What does polynomial regression allow you to model?
- Correlations
- Data distribution
- Non-linear relationships
- Relationships between variables
Polynomial regression allows modeling of non-linear relationships. Unlike linear regression that models relationships between variables as a straight line, polynomial regression models relationships as curves, better capturing relationships that change in direction at different levels of the independent variables.
What does it mean if the Chi-square test for goodness of fit is statistically significant?
- The observed data and theoretical distribution are negatively correlated
- The observed data and theoretical distribution are positively correlated
- The observed data differs significantly from what we would expect if it followed the theoretical distribution
- The observed data fits the theoretical distribution perfectly
If the Chi-square test for goodness of fit is statistically significant, this means that the observed data differs significantly from what we would expect if the data followed the theoretical distribution.
In multiple regression, model selection aims to choose the most _______ model that best predicts the response variable.
- complex
- overfit
- parsimonious
- simple
In multiple regression, model selection aims to choose the most parsimonious model that best predicts the response variable. A parsimonious model is a model that accomplishes the desired level of explanation or prediction with as few predictor variables as possible.
What do we call an experiment in probability theory?
- A process that produces outcomes
- A statistical analysis
- A test of a hypothesis
- An observation of a random variable
In probability theory, an experiment refers to a process or procedure that produces outcomes. The outcomes depend on chance or randomness. For example, tossing a coin or rolling a die is considered a random experiment because the outcome is not certain but depends on chance.
The Central Limit Theorem allows us to make inferences about the ________ based on sample data.
- Data Distribution
- Hypothesis
- Population
- Sample
The Central Limit Theorem allows us to make inferences about the Population based on sample data. It states that, with a large enough sample size, the sample mean will be normally distributed around the population mean. This enables us to estimate the parameters of the population and make predictions based on the sample data.
In a Chi-square test, the null hypothesis is that the two variables are ________.
- causally related
- correlated
- dependent
- independent
In a Chi-square test for independence, the null hypothesis is always that the two variables are independent. This means that knowing the value of one variable does not help predict the value of the other variable.
How does a p-value relate to the significance level in a hypothesis test?
- A higher p-value indicates a more significant result
- A smaller p-value means the result is less likely to have occurred by chance
- The p-value does not depend on the significance level
- The p-value is the probability that the null hypothesis is true
The p-value is the probability of obtaining a result as extreme as, or more extreme than, the result actually obtained, assuming the null hypothesis is true. If the p-value is smaller than the significance level (alpha), we reject the null hypothesis.

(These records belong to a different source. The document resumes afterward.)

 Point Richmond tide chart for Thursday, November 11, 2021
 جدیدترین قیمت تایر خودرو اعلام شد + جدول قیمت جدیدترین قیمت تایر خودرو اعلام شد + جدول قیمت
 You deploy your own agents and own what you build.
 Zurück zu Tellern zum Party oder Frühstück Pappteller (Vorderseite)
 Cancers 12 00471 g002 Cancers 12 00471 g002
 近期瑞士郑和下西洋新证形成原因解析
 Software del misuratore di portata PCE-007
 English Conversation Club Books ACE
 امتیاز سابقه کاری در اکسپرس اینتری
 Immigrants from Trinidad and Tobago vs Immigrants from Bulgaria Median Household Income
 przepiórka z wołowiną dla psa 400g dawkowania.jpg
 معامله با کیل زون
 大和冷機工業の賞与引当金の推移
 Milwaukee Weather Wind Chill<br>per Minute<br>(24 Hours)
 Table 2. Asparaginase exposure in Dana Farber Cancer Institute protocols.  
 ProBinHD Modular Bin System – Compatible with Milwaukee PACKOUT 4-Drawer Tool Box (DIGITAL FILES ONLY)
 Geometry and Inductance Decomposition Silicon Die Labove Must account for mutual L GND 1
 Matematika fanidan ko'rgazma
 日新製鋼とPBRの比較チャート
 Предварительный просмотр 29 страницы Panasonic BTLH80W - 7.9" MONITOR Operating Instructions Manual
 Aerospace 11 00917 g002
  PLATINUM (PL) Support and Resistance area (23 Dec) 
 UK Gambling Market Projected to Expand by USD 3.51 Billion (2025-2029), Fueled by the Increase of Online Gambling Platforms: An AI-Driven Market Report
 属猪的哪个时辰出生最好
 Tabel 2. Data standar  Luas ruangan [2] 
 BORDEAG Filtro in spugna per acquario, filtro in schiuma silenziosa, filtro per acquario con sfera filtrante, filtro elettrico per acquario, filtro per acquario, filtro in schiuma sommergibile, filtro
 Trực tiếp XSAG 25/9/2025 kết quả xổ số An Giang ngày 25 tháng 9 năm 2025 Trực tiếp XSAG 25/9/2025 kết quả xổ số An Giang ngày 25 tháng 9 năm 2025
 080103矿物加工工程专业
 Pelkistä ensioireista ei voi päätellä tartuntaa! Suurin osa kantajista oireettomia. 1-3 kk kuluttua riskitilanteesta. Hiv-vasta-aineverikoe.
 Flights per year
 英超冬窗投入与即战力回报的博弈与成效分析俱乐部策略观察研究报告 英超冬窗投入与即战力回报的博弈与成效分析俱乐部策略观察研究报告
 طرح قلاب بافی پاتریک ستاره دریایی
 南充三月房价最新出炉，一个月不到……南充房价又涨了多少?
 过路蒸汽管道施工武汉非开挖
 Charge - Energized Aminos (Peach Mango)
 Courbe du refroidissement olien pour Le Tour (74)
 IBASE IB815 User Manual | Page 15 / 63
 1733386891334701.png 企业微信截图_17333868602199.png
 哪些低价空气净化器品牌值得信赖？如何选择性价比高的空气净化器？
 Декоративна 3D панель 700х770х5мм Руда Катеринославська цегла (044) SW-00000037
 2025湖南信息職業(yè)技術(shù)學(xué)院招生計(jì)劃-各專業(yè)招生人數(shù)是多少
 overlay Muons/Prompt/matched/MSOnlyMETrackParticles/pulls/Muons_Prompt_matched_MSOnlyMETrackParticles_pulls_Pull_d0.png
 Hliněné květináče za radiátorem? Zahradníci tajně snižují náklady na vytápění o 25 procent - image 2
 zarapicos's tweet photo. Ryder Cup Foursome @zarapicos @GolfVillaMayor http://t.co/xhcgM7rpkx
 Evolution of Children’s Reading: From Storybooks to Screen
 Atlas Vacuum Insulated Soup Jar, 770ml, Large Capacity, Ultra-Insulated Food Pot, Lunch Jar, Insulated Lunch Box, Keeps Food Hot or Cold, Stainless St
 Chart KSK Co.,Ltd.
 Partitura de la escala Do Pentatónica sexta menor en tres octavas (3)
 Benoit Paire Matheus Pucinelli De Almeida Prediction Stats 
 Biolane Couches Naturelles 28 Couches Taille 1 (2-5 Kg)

One common feature of non-parametric methods is the use of ________ rather than raw data points.
- averages
- frequencies
- medians
- ranks
One common feature of non-parametric methods is the use of ranks rather than raw data points, which makes them more robust to outliers and does not require the assumption of a specific distribution.
The ________ of a box plot are used to indicate variability outside the upper and lower quartiles.
- Bars
- Outliers
- Tails
- Whiskers
The whiskers of a box plot are used to indicate the variability of the data outside the upper and lower quartiles. They often extend to the maximum and minimum data values (excluding outliers), or 1.5 times the interquartile range.
The first Principal Component is the direction in the dataset that captures the ______ variance in the data.
- least
- median
- most
- random
The first Principal Component is the direction (or vector) in the multidimensional space along which the data varies the most, so it captures the most variance in the data.